We tend to boast in the power of faith while minimizing the value of hope. Yet, “faith is the substance of things hoped for” (Heb. 11:1). Without first having a living hope in God, our faith is meaningless. Indeed, the first stage of transformation is the awakening of hope.
Yet, even after we come to Christ, we still fail. Often a downward spiral occurs when sin opens the door to condemnation, and condemnation smothers the voice of hope. Consider the story of Israel’s conquest of Canaan. The Lord was about to prosper Israel with the wealth of the Canaanites, but only if the spoils of their first battle at Jericho were completely dedicated to God.
However, one man, Achan, defied the Lord’s edict. He took silver, gold and a garment from Shinar, and then he hid the spoils in his tent. As a result of his sin, 36 Israelites died in their next battle—defeated and humiliated by the tiny city of Ai.
After the Lord exposed Achan as the perpetrator, Joshua took him, along with his family and possessions, and brought them all to a valley. There Israel’s leader said, “’Why have you troubled us? The Lord will trouble you this day.’ And all Israel stoned them with stones … Therefore the name of that place has been called the valley of Achor to this day” (Joshua 7:25-26).
The word Achor meant “troubling.” It represented the trouble and pain one person’s sin exacted on many others. Certainly the most terrible thing Achan experienced was that his sin caused his wife and children to die with him. As they huddled together awaiting this horrible judgment, the guilt and regret flooding Achan’s mind must have been insufferable.
In time, the valley of Achor came to symbolize the worst of punishments. It was a place of death and desolation. Today, of course, we do not stone those whose sin or irresponsibility has caused others grief. Still, sin has consequences, and though we may not be physically stoned for our failure, the effects of public condemnation can be just as crushing to the human spirit. The fact is, too many of us have known a personal valley of Achor where our moral negligence or ill-advised actions caused another’s suffering.
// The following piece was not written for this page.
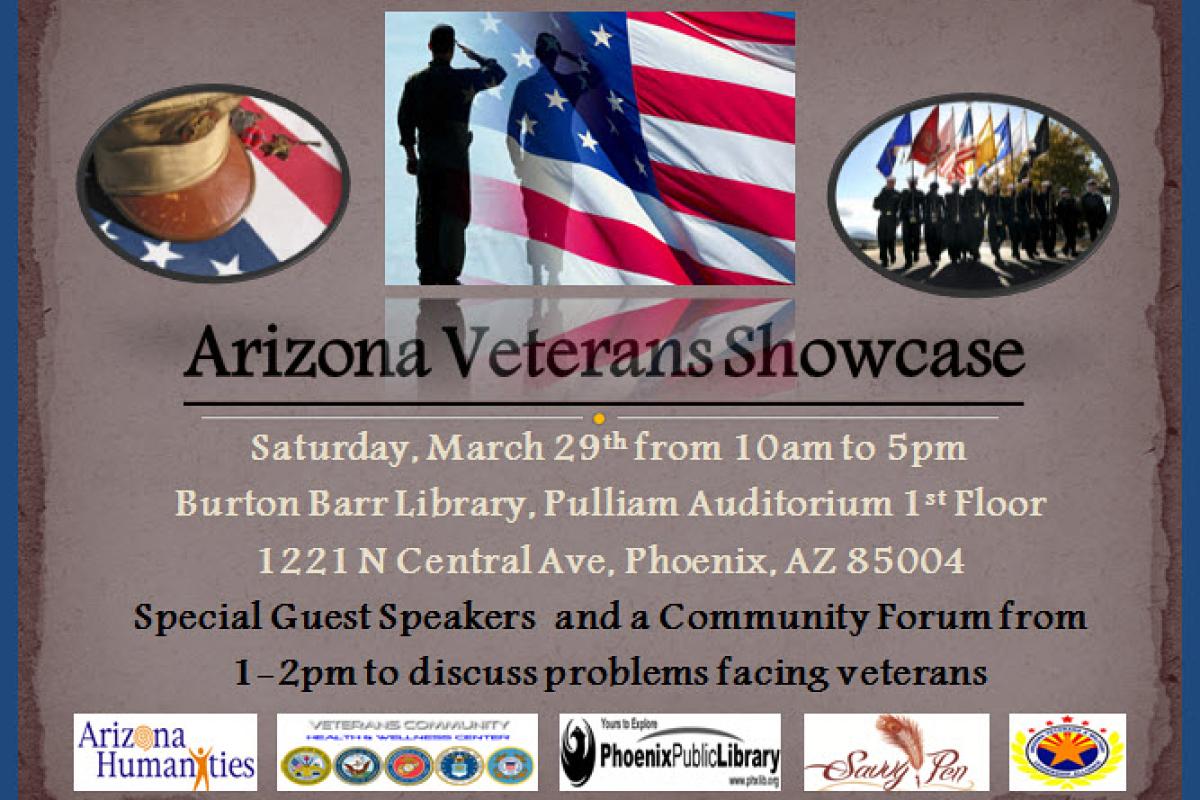 Arizona Veterans Showcase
Perhaps you committed adultery, and your spouse and children are devastated. It might be that your anxious or careless driving caused an accident, resulting in great suffering or possibly even another person’s death. Or maybe your lack of Christian example has caused your children to turn from God. The possible ways of falling are endless, but the result is nearly always the same: It is as though a curse rests on your life.
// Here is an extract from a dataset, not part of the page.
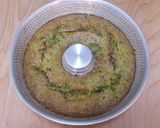Pas rețetă Tort sărat cu broccoli și cârnați 10 fotografie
Not only does your own heart condemn you, but there are also others who know your failure, whose chorus of criticisms convince you of your hopeless nature. Public censure, cold looks and judgmental attitudes have the same effect on your soul as Achan’s stoning had on his flesh, only what dies in you is hope. Where once you could look with anticipation toward the future, now heartache and regret block your view.
Only virtue, made pure and strong by true repentance, can displace the burden of self-condemnation. Thus, the only correct response to wrong actions and their consequences is the transforming work of the Holy Spirit.
Unfortunately, the enemy has many Christians trapped in unbelief and self-condemnation. They know what they did was wrong and they hate it, but they cannot unburden themselves of the guilt.
Remember, our Redeemer came to proclaim liberty to those who are “prisoners” (see Isaiah 61:1). Is He speaking only of those who are incarcerated in jails? No, His mission is for all of us who are prisoners of our past failures. God wants us to learn from our mistakes, not be held captive to them. Jesus came to deliver and restore those whose dreams lie buried in the valley of Achor.